EXERCISE DIRECTIONS
Go through the listing below, and from the line containing "A photo of street" through its last line, transcribe every line exactly, skipping pictures.

SOURCE DATA
+--

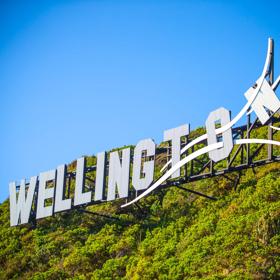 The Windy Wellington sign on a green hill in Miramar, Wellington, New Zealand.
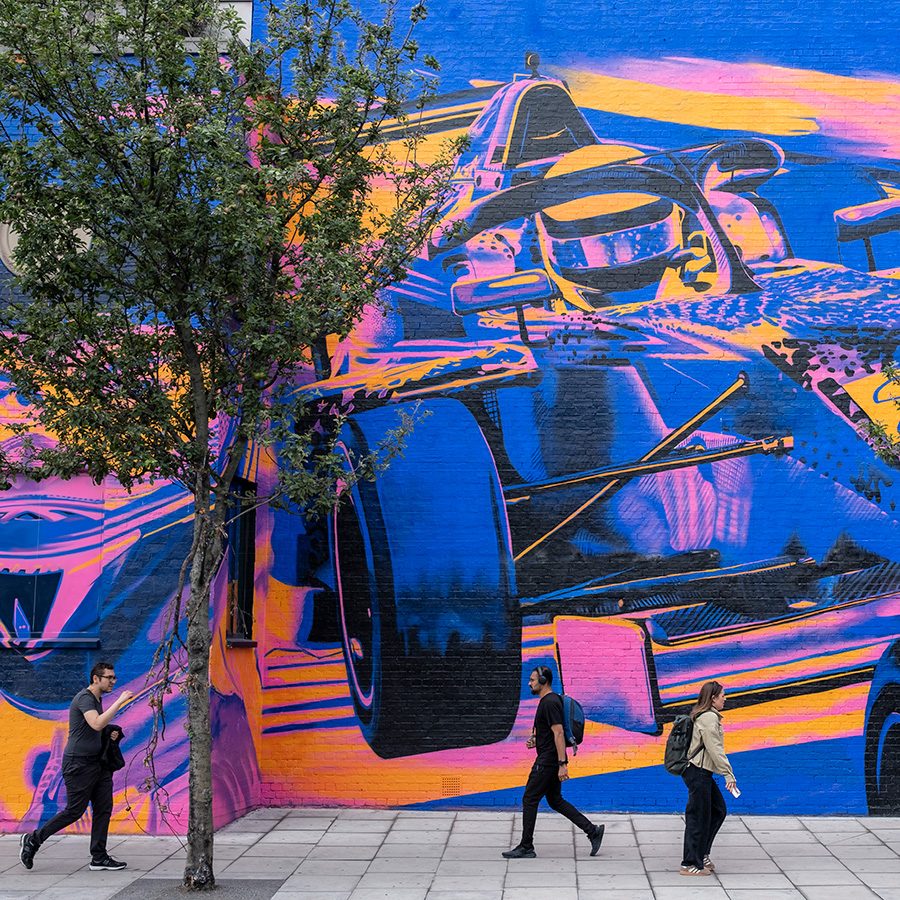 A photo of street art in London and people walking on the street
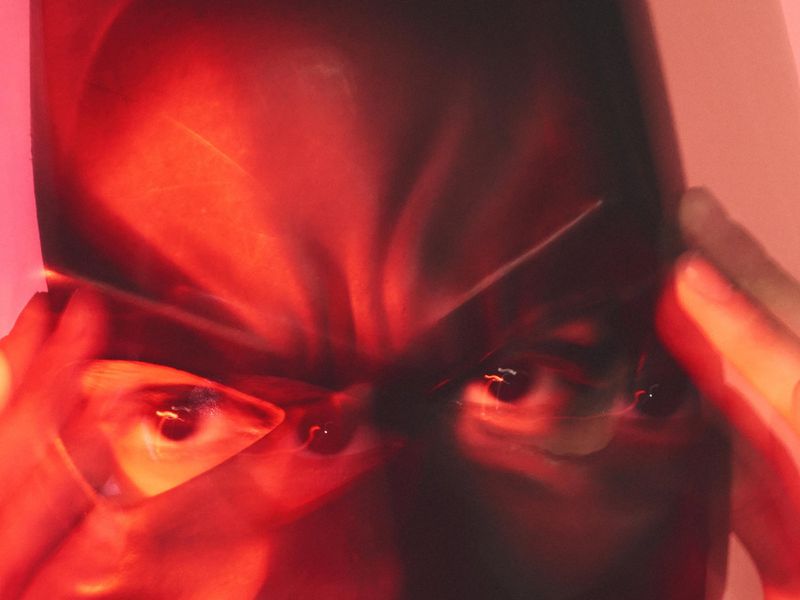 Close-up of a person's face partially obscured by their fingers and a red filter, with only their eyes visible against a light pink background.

+--

EXPECTED ANSWER
 A photo of street art in London and people walking on the street
 Close-up of a person's face partially obscured by their fingers and a red filter, with only their eyes visible against a light pink background.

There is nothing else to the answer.